Lech Walesa: "Europe needs corrective measures, not revolutions"

Nobel Peace Prize Laureate Calls for Commitment to Change


Lech Walesa

“If we dismantle the European Union today, we would have to begin reintegration tomorrow.” It was with this conviction of the need for a united Europe that the former Polish president and Nobel Peace Prize winner Lech Walesa opened the inaugural conference of the Fast Forward program.

While he recognized that not everything in the current system works well, he said that “we don’t need revolutions, only some corrective measures.” He himself was a revolutionary once when he founded the Solidarity union, which opened a breach in the communist system, which in turn led to the fall of the Iron Curtain.

It is possible to change the status quo

According to Walesa, everyone said there was no hope of changing the status quo and that “only a nuclear war could defeat the communist regime.” But the electrician and accidental union leader did not agree.

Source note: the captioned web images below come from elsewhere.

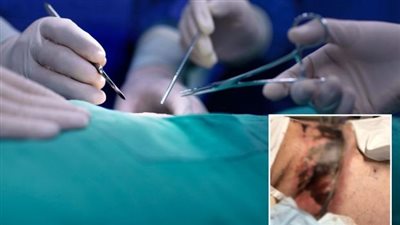 تعفن الجلد.. إصابة سيدة بمضاعفات خطيرة بعد جراحة شفط الدهون وشد البطن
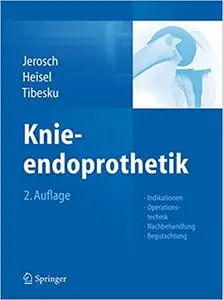 Knieendoprothetik: Indikationen, Operationstechnik, Nachbehandlung, Begutachtung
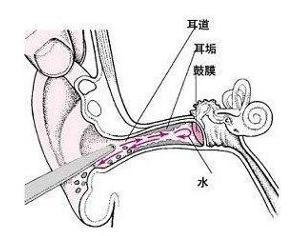 耵聍腺位置图片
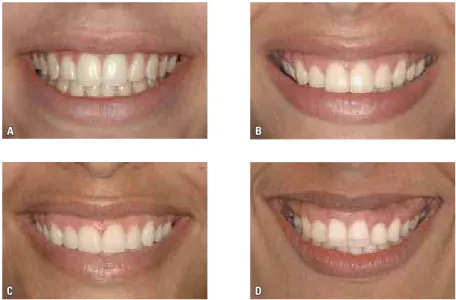 FIGURA 1 - Diferentes graus de exposição gengival ao sorrir: A) 0mm; B) 1mm; C) 2mm e D) 4mm.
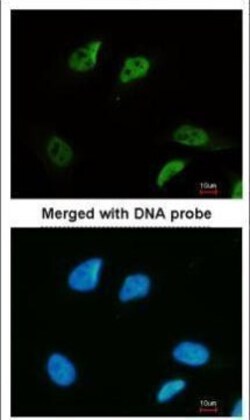 Invitrogen SMC3 Polyclonal Antibody 100 μL; Unconjugated:Antibodies,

Born into a Poland that was oppressed by the communist regime and constantly threatened by Russian and German expansionism, he could have sat on his hands. But he decided to lead and fight in his own way, as head of Solidarity, the first independent trade union in the Eastern Bloc.

He was in the front line of the bloody repression of the strikes called against the regime by the Gdansk shipyard workers and spent a year in prison for having organized their defense.

Now 71, he is proud of his country, which is celebrating 25 years of democracy, integration into the European Union and has its own voice in NATO.

“We have to look to the past. They said it was impossible to defeat communism but we did it. Nothing is impossible,” he said enthusiastically.

Commitment to build something new

Asked about the success at fighting and defeating communism, he said he would have preferred to have had success in building something, in creating a new order. He encouraged young people to commit themselves, to participate in this globalized and connected world, which he sees as a unique opportunity to establish something new from a broader perspective and for the common good.

“Young people need to be aware of and appreciate this world without frontiers in which we live.” At this point, he recalled with fondness and irony his father, who died during World War II. “He wouldn’t have believed that today there would be no borders in Europe, nor soldiers guarding the frontiers of Poland and Germany. That would have given him another heart attack,” he joked.

Lack of moral leadership

During his talk, Walesa highlighted the figure of Pope John Paul II, a Pole himself and also a key figure in the fall of the Polish communist regime. He recalled his moral and spiritual leadership, which he said was lacking in today’s leaders. “There isn’t a single moral or political leader in the world and this is a very dangerous situation.”

Walesa also talked about other leaders whom he had met and who had made an impression on him. He praised in particular the role played by U.S. presidents Ronald Reagan and George Bush. On the other hand, he criticized Vladimir Putin for his role in the conflict in Ukraine, and also Barack Obama, reproaching him for not exercising the sort of world leadership that is expected of a superpower such as the United States.